_ACTIVITY_
Copy out each line in the listing below where the word "Neck" appears.

_RECORD EXCERPTS_
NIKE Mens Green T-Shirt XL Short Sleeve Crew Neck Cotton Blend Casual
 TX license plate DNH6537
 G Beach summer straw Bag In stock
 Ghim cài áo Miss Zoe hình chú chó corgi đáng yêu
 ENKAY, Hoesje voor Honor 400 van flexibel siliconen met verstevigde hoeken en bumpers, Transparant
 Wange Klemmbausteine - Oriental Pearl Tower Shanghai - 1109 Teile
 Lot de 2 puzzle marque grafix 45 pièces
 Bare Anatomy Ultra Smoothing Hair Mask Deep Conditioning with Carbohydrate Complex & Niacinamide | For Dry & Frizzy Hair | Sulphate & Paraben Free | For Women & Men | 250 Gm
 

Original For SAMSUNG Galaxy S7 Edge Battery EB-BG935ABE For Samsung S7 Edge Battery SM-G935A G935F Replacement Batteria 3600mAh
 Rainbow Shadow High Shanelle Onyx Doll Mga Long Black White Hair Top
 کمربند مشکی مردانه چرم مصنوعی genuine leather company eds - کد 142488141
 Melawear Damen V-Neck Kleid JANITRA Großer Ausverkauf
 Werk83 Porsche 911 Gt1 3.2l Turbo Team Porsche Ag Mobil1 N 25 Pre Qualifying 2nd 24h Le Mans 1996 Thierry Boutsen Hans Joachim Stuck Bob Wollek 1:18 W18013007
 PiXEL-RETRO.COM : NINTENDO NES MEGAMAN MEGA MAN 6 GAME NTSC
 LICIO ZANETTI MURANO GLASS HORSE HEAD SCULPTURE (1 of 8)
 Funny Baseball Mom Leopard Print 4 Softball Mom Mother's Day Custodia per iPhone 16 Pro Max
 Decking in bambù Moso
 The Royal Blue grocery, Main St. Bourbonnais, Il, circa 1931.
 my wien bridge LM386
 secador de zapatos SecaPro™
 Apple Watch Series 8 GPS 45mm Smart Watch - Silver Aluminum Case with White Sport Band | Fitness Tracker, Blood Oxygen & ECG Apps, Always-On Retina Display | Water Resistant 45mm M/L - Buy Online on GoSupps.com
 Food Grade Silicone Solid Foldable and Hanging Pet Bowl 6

_RESULT OF THIS TASK_
NIKE Mens Green T-Shirt XL Short Sleeve Crew Neck Cotton Blend Casual
 Melawear Damen V-Neck Kleid JANITRA Großer Ausverkauf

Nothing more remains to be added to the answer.